# Hickory



## LemonadeJay (Mar 7, 2014)

I have never turned hickory before but tonight I decided to cut into my chopping block. It is a log at least two feet across and has been sitting in my back yard for 2-3 years. Lots of nice looking spalt with a mix of light and darker woods. Once I brought it over to the garage light, I almost dropped it at the look of it.

Does it turn into bowls nice? How does it finish?

Sorry for no pics yet I need to get it inside with the light.

Jay


----------



## duncsuss (Mar 7, 2014)

I don't know about bowls, but I've made several tool handles from some hickory billets that I got here on WB.
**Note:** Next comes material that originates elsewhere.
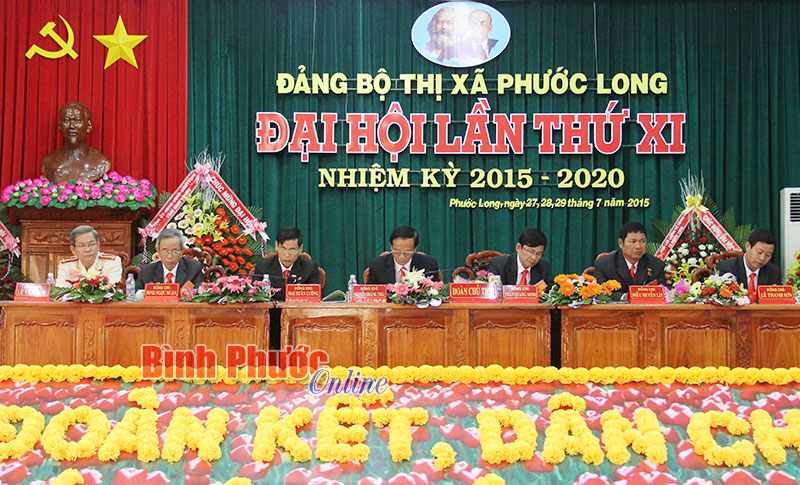 Ng&agrave;y 15-10 sẽ diễn ra họp b&aacute;o về Đại hội Đảng bộ tỉnh lần thứ X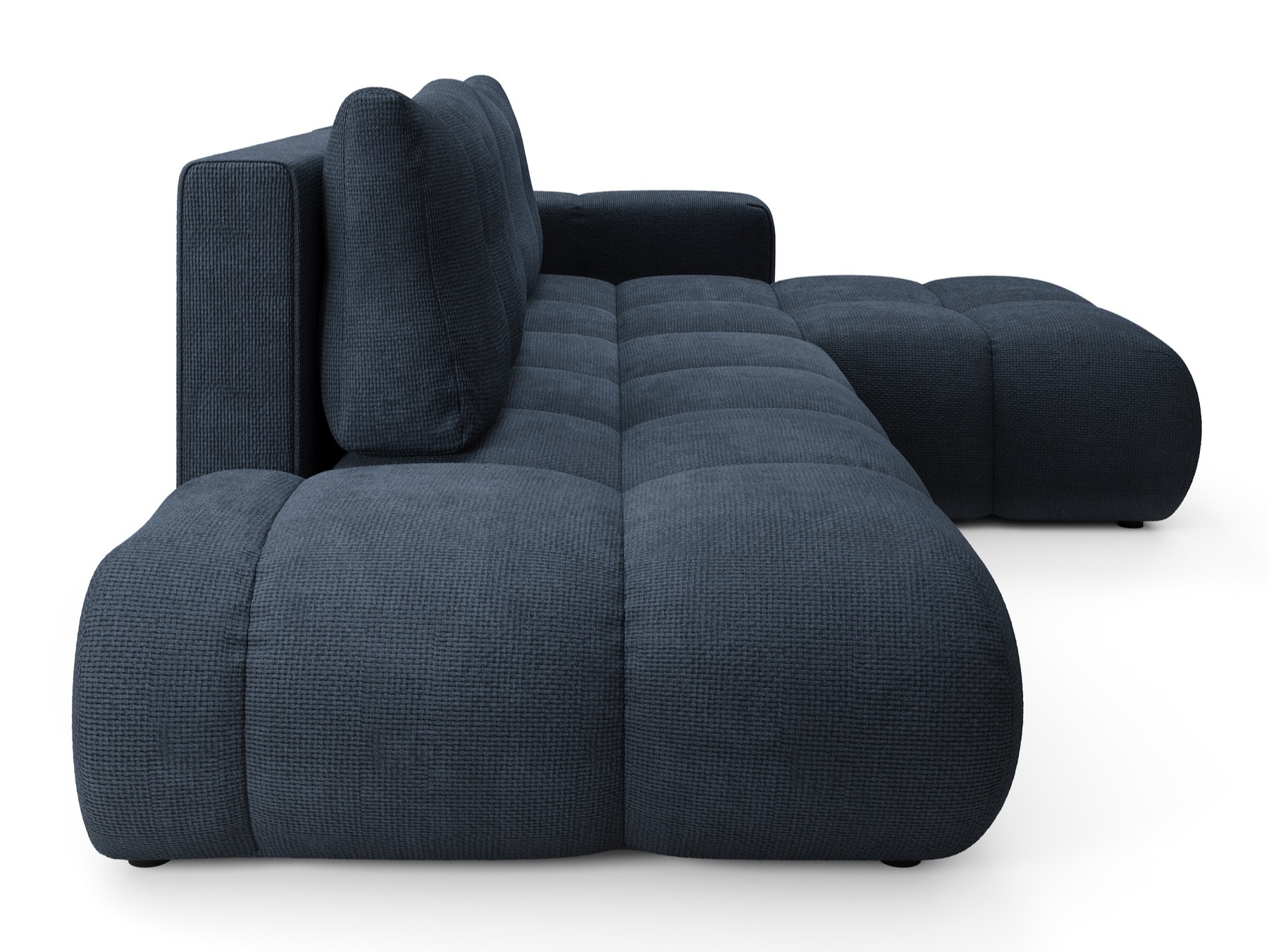 Stūra dīvāns Kingston 156 (Flow 22)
It could be a little splintery at times, but with a freshly honed skew the surface was clean and it needed no sanding. I just wiped some BLO on and burnished it on the lathe.

Reactions: Like 1


----------



## Dennis Ford (Mar 7, 2014)

Hickory makes good bowls, vases etc.


----------



## Steve Walker (Mar 7, 2014)

If it's anything like the last piece of "aged" hickory I turned, hot shavings and hot tool, so you'll want a glove on your left hand. 
I had a hickory crotch that laid outside my shop for about three years. Hard, hard, hard,the chainsaw still hates me.
I did end up with a nice bowl out of one of the halves, the other helped heat my house. I didn't care to torture myself further.


----------



## TimR (Mar 7, 2014)

Nice stuff, can get some killer nice spalting. I have a wet piece with some spalting someone gave me a week or so ago...may do something with it this weekend. Don't remember any issues turning it.


----------



## David Hill (Mar 7, 2014)

It and Pecan are closely related. Pecan gets harder as it dries---I've seen one fella call it pecancrete. +1 on the hot shavings. Pecan makes nice bowls, vases,platters, etc so I imagine hickory will do just as well. Still trying to find some hickory in my area so I can try it.


----------



## SDB777 (Mar 8, 2014)

I like me some Hickory....

http://i29.Rule #2/albums/c271/SDB777/Available%20pens/EFPHickory002_zpsf1899f2e.jpg









Scott (PignutHickory turns like butter) B

Reactions: Like 1 | EyeCandy! 3 | Funny 1


----------



## ironman123 (Mar 8, 2014)

Those look nice Scott.

Ray


----------



## LemonadeJay (Mar 8, 2014)

At least this hickory will burn well in the pizza oven if this bowl doesn't work out.

Reactions: Like 1 | EyeCandy! 3


----------